» What to work on
When you transcribe the lines below, keep every word the same and leave the pictures behind.

-- Given information follows --

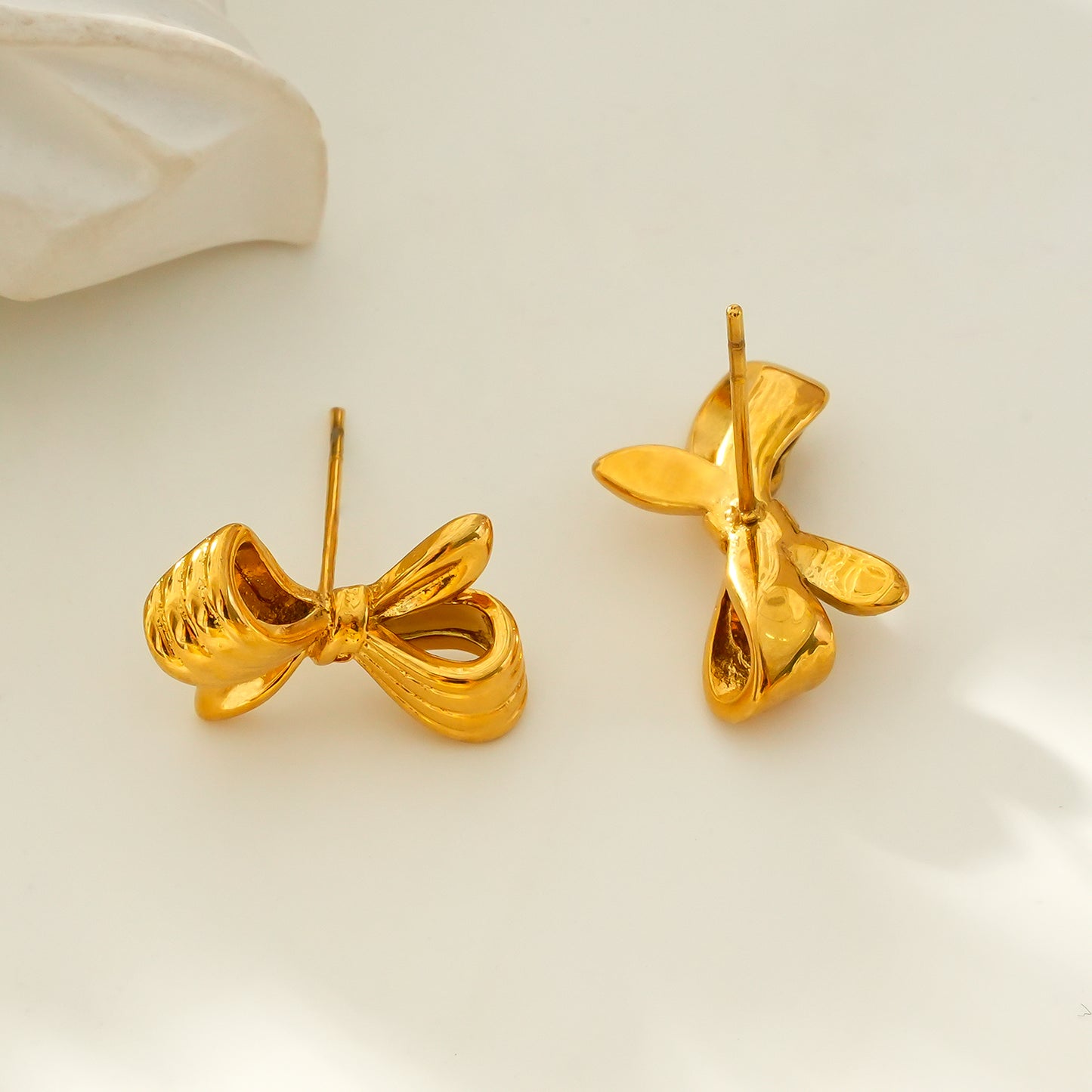 MISTY: Mini Bow Shaped Stud Earrings in Gold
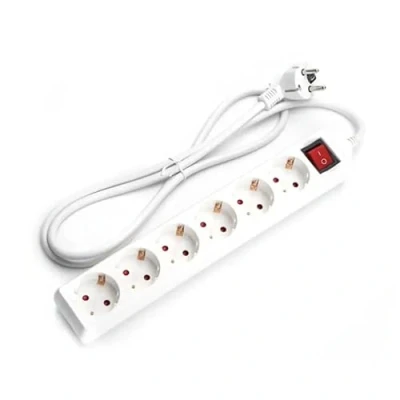 Imagen de Regleta de 6 Tomas schuko con Interruptor, 5 m, 3G, 1,5 mm² Blanca, Base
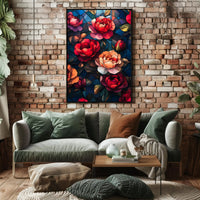 Roses and Stained Glass Artistic Poster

-- Given information concluded --

» Written reply
 MISTY: Mini Bow Shaped Stud Earrings in Gold
 Imagen de Regleta de 6 Tomas schuko con Interruptor, 5 m, 3G, 1,5 mm² Blanca, Base
 Roses and Stained Glass Artistic Poster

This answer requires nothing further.